I think, when we talk about Domino’s, we wonder, what are they doing well? This is the company that’s performed well over long periods of time. I think when you look at the totality of things like the investments they’ve made in technology, that to me stands out first and foremost, is they had the wherewithal to build this app early on in the game when we were just starting to do things on our phones. I’d put Papa John’s in that same boat. It may seem silly, but frankly, now, when you think about it, every day, we’re conducting business, we’re doing commerce on our phones. These companies had that without to really build that out early on. They’re benefiting from that. Again, going back to that focus on value, Domino’s continues to do a good job of really staying in touch with the consumer there, whether it’s a campaign for the More flation campaign, which I thought was tremendous, just because we’ve been talking so much about shrinkflation.

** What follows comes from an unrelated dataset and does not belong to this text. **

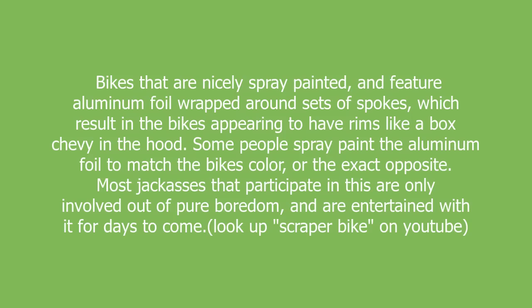Scraper Bike: bikes that are nicely spray-painted and feature aluminum foil wrapped around sets of spokes, which result in the bikes appearing to have rims like a box Chevy in the hood. Some people spray-paint the aluminum foil to match the bike's color, or the exact opposite.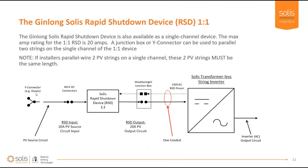The one-input device is also rated for 20 amps total, so you can do two inputs up to 20 amps going into a single MPPT.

They’re really able to combat that. We’re talking about more flation. That worked out very well. The emergency pizza campaign. They can turn these things off and on like a light switch, like Amazon does with Prime Day. Lastly, I will just say, again, this is a business they’ve had a tough year. But, Matthew Argersinger, he’s got this dividend nights list, and the criteria there looking over the last 10 years, this is companies that have paid a dividend each year, that they’ve grown that dividend by at least 10% annually, and that they’ve outperformed the S&P 500, and Domino’s is a dividend night. Again, a tough year, but over a longer stretch of time. This has been a rewarding investment.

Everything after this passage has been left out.